Из обстоятельного справочника «Население Москвы», составленного демографом Морицем Яковлевичем Выдро, можно узнать, что если в 1912 году в Москве проживали 6,4 тысячи евреев, то всего через два десятилетия, в 1933 году — 241,7 тысячи, то есть почти в сорок раз больше! Причем население Москвы в целом выросло за эти двадцать лет всего только в два с небольшим раза (с 1 млн. 618 тыс. до 3 млн. 663 тыс.)» (В.Кожинов).

В демократической россиянской литературе в настоящее время бытует представление о предвоенном периоде как о времени, когда «угнетенные» евреи потеряли все свои государственные посты ввиду «антисемитской» деятельности И.В.Сталина.

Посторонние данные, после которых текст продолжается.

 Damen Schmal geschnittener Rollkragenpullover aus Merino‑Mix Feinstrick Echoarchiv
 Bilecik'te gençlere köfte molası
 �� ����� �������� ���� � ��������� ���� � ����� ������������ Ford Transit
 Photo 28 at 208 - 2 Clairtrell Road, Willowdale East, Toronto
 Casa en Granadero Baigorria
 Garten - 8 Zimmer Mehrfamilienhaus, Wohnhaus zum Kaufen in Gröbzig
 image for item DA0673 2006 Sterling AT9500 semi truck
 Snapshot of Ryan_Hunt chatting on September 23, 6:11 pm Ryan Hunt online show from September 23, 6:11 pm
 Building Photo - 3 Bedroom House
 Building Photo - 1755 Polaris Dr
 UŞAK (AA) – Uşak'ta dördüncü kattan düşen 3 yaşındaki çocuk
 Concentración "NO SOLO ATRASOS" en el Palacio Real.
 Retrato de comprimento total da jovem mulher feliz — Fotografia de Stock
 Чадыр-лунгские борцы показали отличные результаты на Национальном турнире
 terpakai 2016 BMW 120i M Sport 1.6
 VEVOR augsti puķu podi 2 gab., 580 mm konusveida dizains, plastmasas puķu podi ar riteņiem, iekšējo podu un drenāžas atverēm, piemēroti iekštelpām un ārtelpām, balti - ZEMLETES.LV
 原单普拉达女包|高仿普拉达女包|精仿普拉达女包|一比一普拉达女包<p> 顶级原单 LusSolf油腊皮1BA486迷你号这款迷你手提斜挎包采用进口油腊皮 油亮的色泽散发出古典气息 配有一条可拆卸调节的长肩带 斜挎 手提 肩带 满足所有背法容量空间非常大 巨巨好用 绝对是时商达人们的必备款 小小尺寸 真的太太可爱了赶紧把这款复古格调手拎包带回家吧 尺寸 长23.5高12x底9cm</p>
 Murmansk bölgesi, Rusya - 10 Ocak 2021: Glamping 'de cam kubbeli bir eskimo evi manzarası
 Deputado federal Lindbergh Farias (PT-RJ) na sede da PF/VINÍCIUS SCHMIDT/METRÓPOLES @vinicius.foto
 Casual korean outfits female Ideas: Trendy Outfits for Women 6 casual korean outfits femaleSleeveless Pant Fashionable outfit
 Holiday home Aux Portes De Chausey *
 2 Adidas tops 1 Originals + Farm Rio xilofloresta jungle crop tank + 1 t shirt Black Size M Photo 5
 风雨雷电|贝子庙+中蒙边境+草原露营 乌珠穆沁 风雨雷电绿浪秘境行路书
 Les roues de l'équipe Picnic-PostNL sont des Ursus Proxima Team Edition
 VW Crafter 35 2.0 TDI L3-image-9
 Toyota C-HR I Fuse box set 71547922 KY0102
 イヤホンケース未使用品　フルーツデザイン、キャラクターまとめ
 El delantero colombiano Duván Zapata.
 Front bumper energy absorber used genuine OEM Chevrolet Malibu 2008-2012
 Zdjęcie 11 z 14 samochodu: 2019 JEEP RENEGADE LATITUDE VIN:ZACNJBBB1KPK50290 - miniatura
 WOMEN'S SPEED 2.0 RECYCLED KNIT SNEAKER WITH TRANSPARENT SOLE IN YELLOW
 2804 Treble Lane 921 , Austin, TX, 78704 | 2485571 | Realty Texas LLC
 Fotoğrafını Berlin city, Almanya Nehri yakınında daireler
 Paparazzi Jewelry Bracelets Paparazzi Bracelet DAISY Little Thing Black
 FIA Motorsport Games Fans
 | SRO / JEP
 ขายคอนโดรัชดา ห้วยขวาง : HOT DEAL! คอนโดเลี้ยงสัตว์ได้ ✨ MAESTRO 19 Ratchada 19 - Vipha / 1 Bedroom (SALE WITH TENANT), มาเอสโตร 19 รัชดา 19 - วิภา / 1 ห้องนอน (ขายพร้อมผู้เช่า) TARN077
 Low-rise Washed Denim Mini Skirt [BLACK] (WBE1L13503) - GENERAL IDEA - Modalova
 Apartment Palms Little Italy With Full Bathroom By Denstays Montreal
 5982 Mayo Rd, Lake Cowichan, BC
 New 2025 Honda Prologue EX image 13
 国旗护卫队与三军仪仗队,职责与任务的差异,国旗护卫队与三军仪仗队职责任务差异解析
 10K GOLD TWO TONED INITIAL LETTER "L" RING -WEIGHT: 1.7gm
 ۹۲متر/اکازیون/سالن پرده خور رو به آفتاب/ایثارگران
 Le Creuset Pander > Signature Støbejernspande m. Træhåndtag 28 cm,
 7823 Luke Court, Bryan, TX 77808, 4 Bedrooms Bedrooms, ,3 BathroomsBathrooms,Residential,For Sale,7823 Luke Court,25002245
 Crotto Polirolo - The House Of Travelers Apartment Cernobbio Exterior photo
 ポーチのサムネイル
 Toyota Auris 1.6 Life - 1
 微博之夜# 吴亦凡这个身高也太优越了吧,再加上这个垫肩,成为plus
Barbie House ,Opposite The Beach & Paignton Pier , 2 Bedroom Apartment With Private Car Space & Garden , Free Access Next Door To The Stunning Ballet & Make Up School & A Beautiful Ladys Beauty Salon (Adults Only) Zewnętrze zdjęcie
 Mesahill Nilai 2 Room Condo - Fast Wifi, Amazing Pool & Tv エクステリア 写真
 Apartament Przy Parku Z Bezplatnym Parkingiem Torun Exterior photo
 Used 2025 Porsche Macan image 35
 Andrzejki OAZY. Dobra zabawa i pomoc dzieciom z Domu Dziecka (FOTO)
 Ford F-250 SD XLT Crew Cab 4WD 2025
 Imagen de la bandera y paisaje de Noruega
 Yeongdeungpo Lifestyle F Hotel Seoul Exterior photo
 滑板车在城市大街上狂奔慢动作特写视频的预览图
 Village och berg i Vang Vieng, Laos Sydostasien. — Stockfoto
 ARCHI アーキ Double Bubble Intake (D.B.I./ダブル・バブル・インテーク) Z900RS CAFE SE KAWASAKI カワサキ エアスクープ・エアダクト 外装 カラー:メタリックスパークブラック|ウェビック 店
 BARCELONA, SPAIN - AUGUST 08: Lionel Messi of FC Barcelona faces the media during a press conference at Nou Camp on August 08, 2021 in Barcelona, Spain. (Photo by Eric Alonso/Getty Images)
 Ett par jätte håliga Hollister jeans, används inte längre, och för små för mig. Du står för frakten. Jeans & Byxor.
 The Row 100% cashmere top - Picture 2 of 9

Но вот что пишет В.Кожинов («Россия. Век ХХ-й (1901–1939)»): «Архивы ОГПУ-НКВД, в сущности, еше не изучены, однако, что касается верховного руководства НКВД в середине 1930-х годов, оно доподлинно известно, ибо 29 ноября 1935 года в газете «Известия» было опубликовано сообщение о присвоении «работникам НКВД» высших званий — Генерального комиссара и комиссаров госбезопасности 1 и 2-го рангов (соответствовали армейским званиям маршала и командармов 1 и 2-го рангов, то есть, по-нынешнему, маршала, генерала армии и генерал-полковника). И из 20 человек, получивших тогда эти верховные звания ГБ, больше половины — 11 (включая самого Генерального комиссара) были евреи, 4 (всего лишь!) — русские, 2 — латыши, а также 1 поляк, 1 немец (прибалтийский) и I грузин… Точно известно, что в 1934–1936 годах во главе «центра» НКВД стояли два еврея и один русский (нарком Г.Г.Ягода и его заместители: 1-й — еврей Я.С.Агранов и 2-й — русский Г.Г.Прокофьев).

Ягода (Ягуда) Генрих Григорьевич, по национальности еврей, по специальности фармацевт. Роман Гуль пишет:

«Это был тупой, мрачный неудачник, о каких еврейская пословица говорит: «Возьмись они торговать шляпами, люди с этого дня станут рождаться без голов, задумай они продавать сапоги, люди станут рождаться без ног». Но это не помешало ему принять участие в революционном движении: «Фармацевт вышел на борьбу за галстуки, за желтые ботинки, за запонки, за ту самую жизнь, которую он видел краем глаза и в Нижнем Новгороде, но не на грязной конспиративной квартире, а у примечательного революционера и тогдашнего «властителя дум», у писателя Максима Горького… При любом строе браки — всегда вернейшее средство политической карьеры, и фармацевт Ягода отпраздновал октябрьскую свадьбу с племянницей председателя ВЦИК Свердлова, а Свердлов порекомендовал Дзержинскому своего родственника для чекистской работы» (Р.Гуль).